START Extracted entries

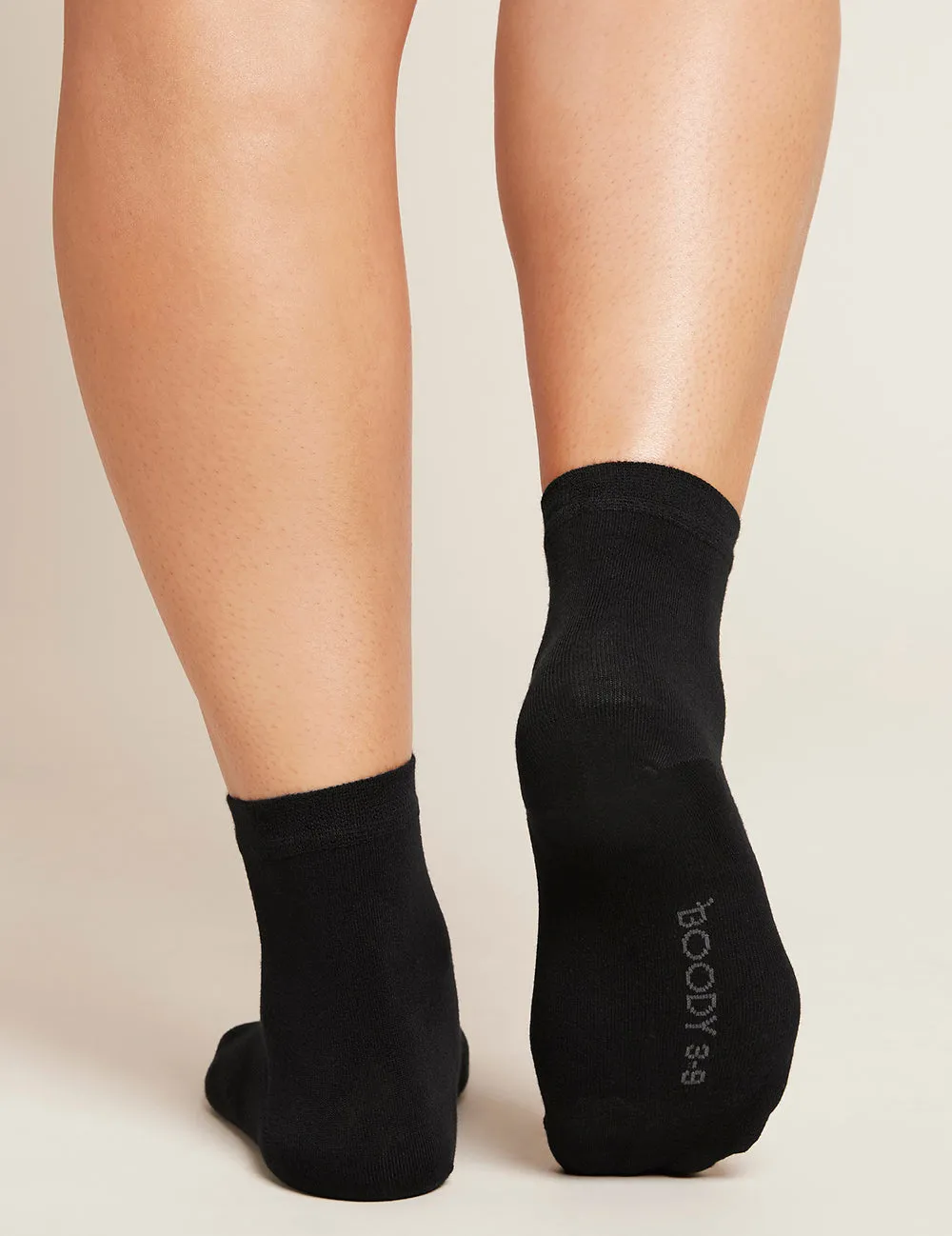 Women's Everyday Ankle Socks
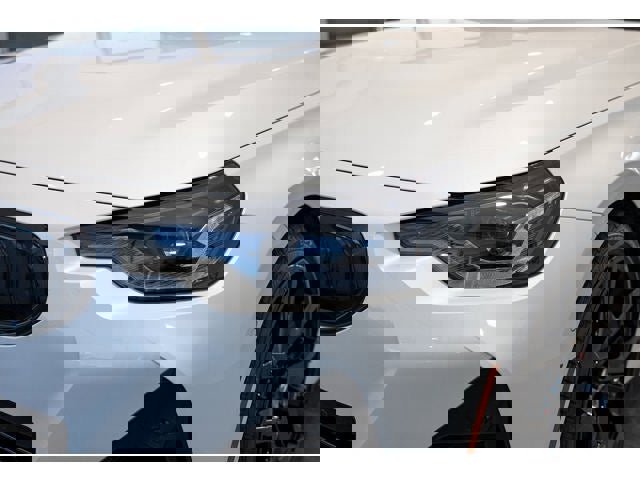 New 2026 BMW 230i xDrive Coupe w/ Premium Package image 46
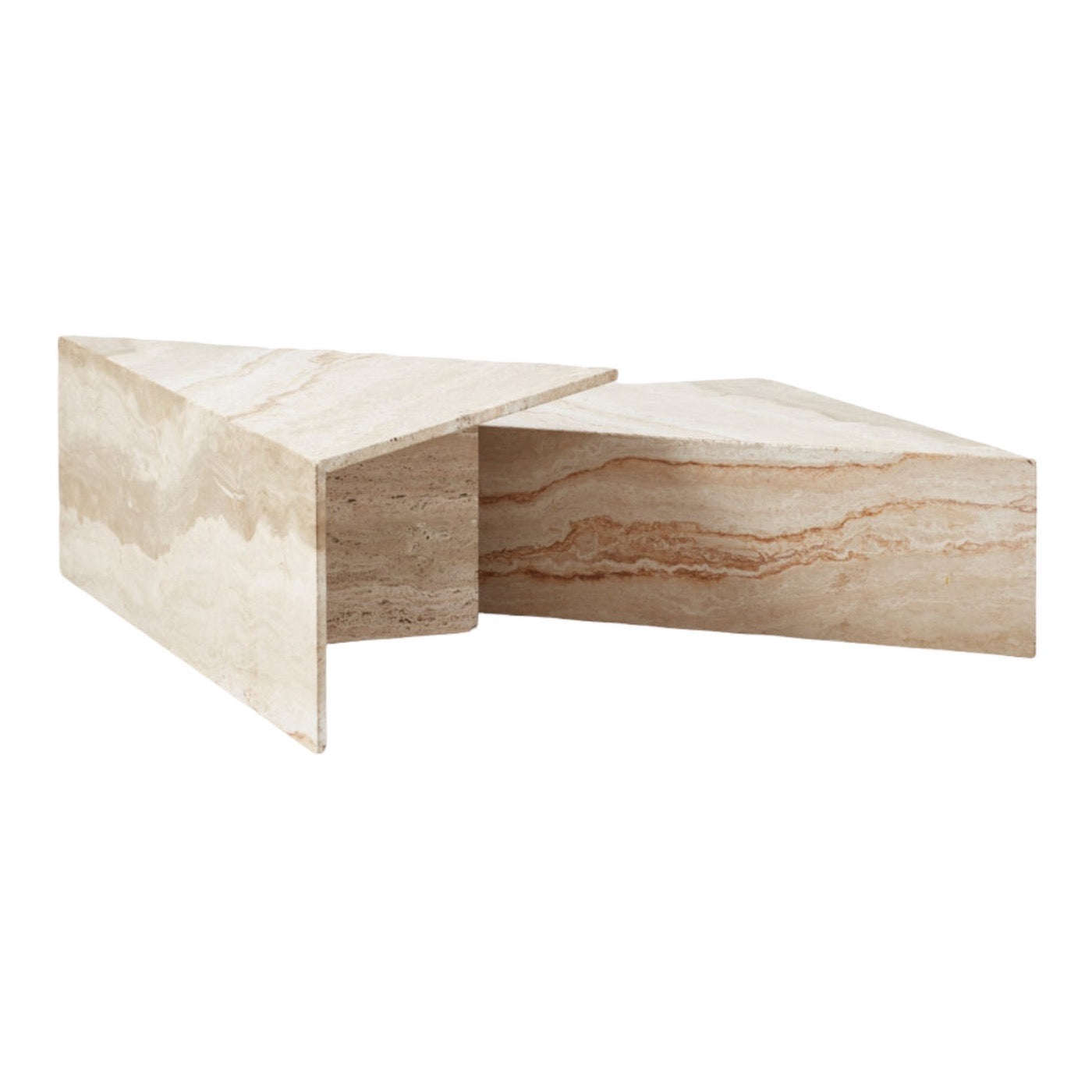 Up&Up Coffee Table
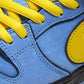 The Powerpuff Girls x Dunk Low Pro SB QS 'Bubbles'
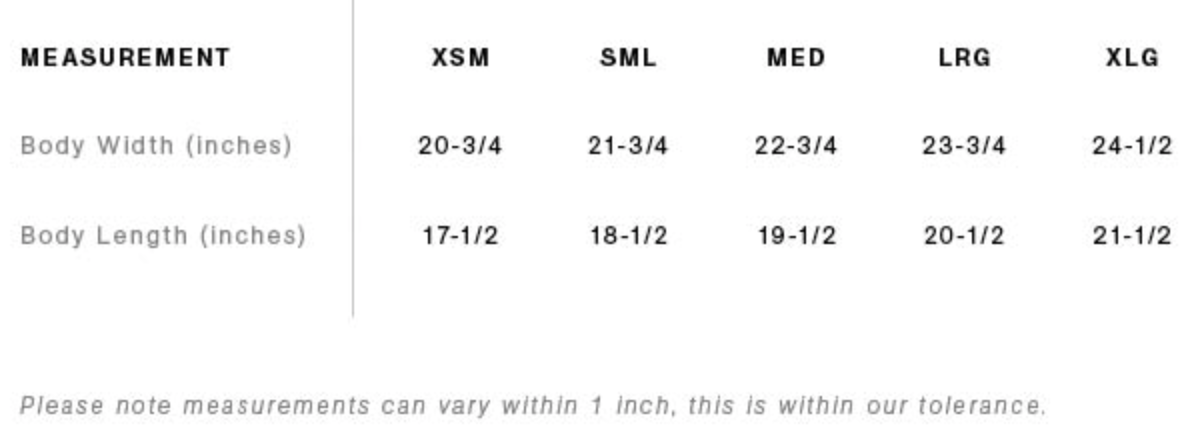 Top Shelf Grey Crop Top Pullover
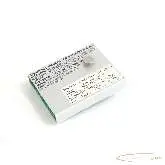  وحدة البرمجة Indramat MOD3/1X0844-534 981900 Programmiermodul SN:220197-08167 الصورة على Industry-Pilot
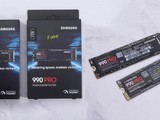 ����990 Pro��߷�����ŷ�г�����۱��浫PCB��̼���ϵ��ð
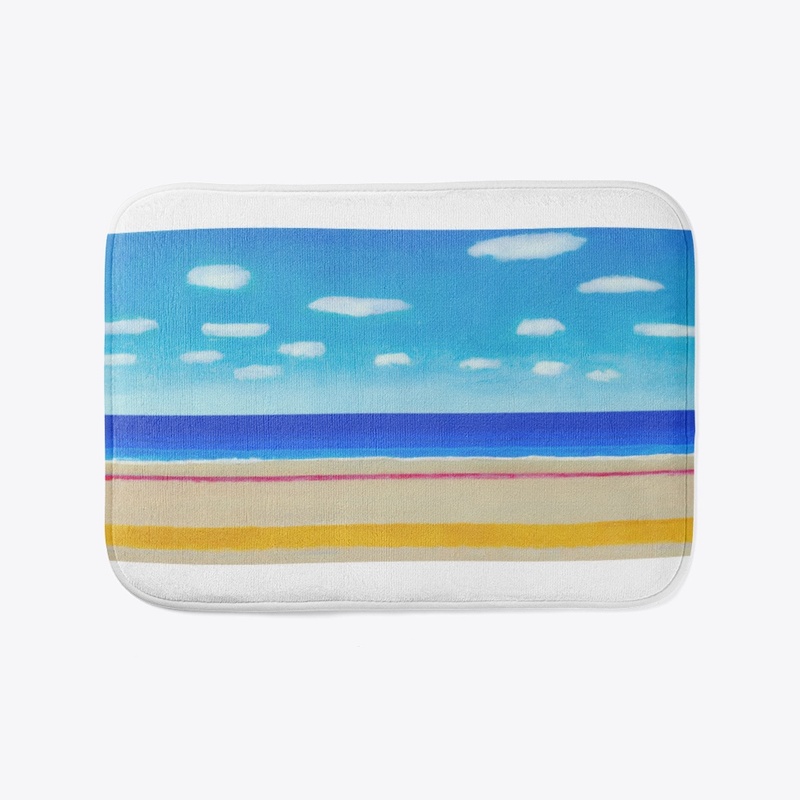 Beach Day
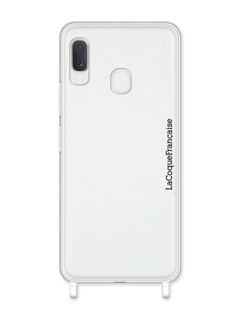 /original/LE289165_LACF_TRANSPARNT_1.png_convert-240x320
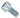 M20X50 DIN 912 8.8 FZB cylinderhoved indv. 6-kt. - 1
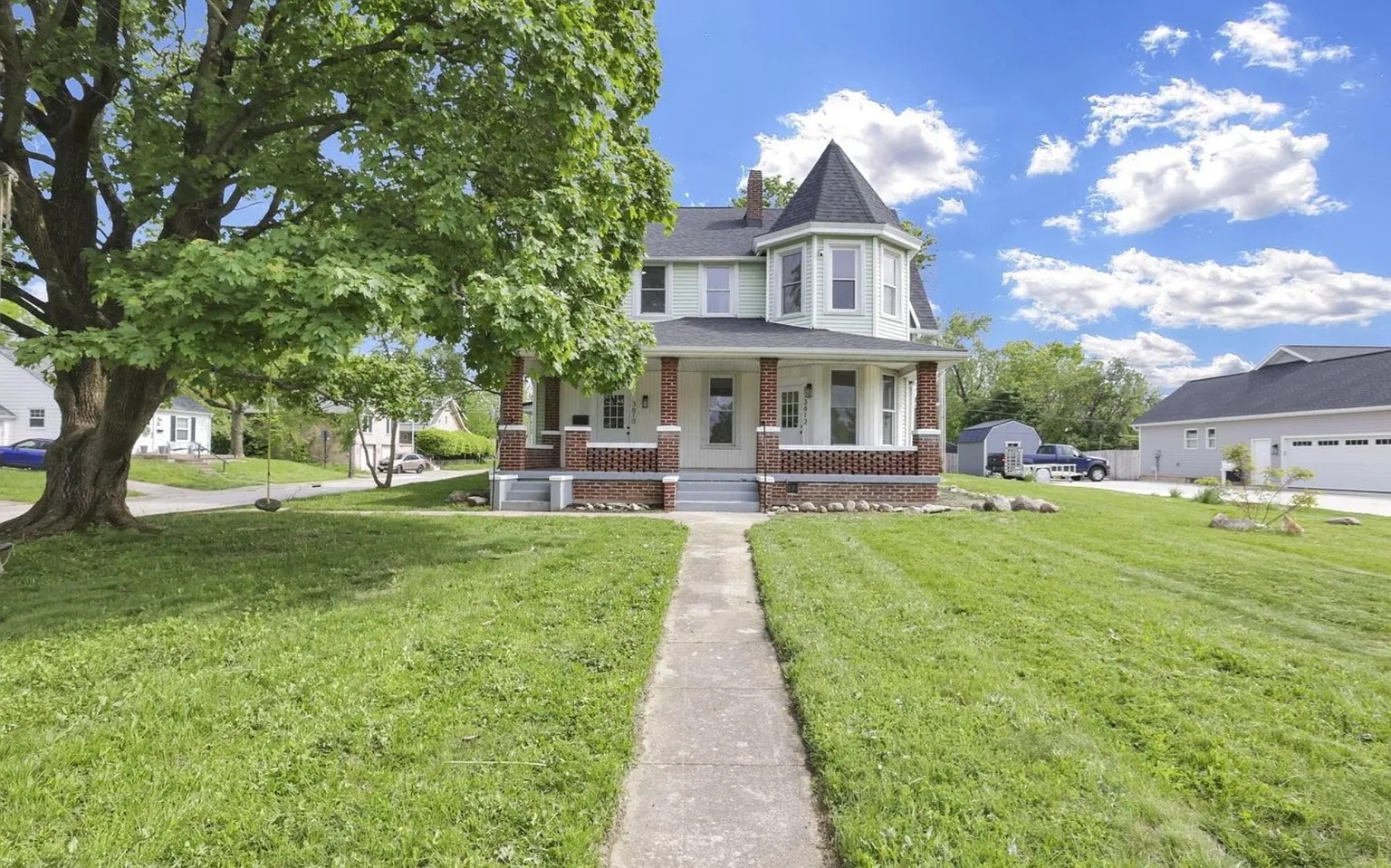 Property thumbnail image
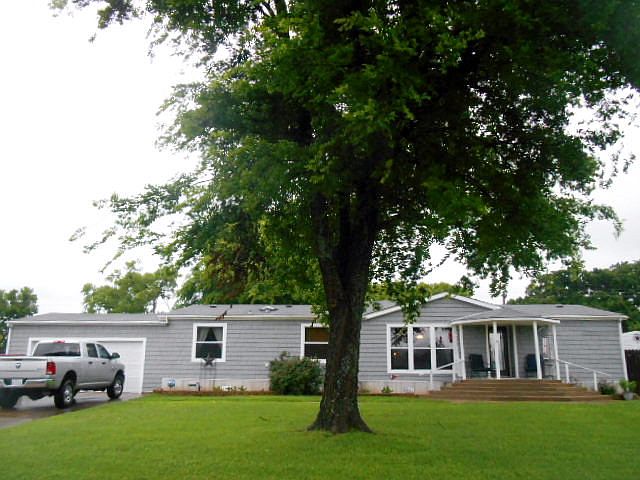 1st image of 10582 Northlake Cir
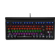 Liocat KX 365+ CM Mechanical  Keyboard image 1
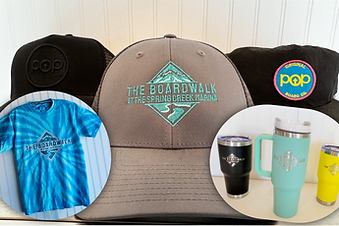 Merch.png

END Extracted entries

_Your instructions_: Set each line of the records down exactly, leaving every picture out.

_Answer_:
 Women's Everyday Ankle Socks
 New 2026 BMW 230i xDrive Coupe w/ Premium Package image 46
 Up&Up Coffee Table
 The Powerpuff Girls x Dunk Low Pro SB QS 'Bubbles'
 Top Shelf Grey Crop Top Pullover
  وحدة البرمجة Indramat MOD3/1X0844-534 981900 Programmiermodul SN:220197-08167 الصورة على Industry-Pilot
 ����990 Pro��߷�����ŷ�г�����۱��浫PCB��̼���ϵ��ð
 Beach Day
 /original/LE289165_LACF_TRANSPARNT_1.png_convert-240x320
 M20X50 DIN 912 8.8 FZB cylinderhoved indv. 6-kt. - 1
 Property thumbnail image
 1st image of 10582 Northlake Cir
 Liocat KX 365+ CM Mechanical  Keyboard image 1
 Merch.png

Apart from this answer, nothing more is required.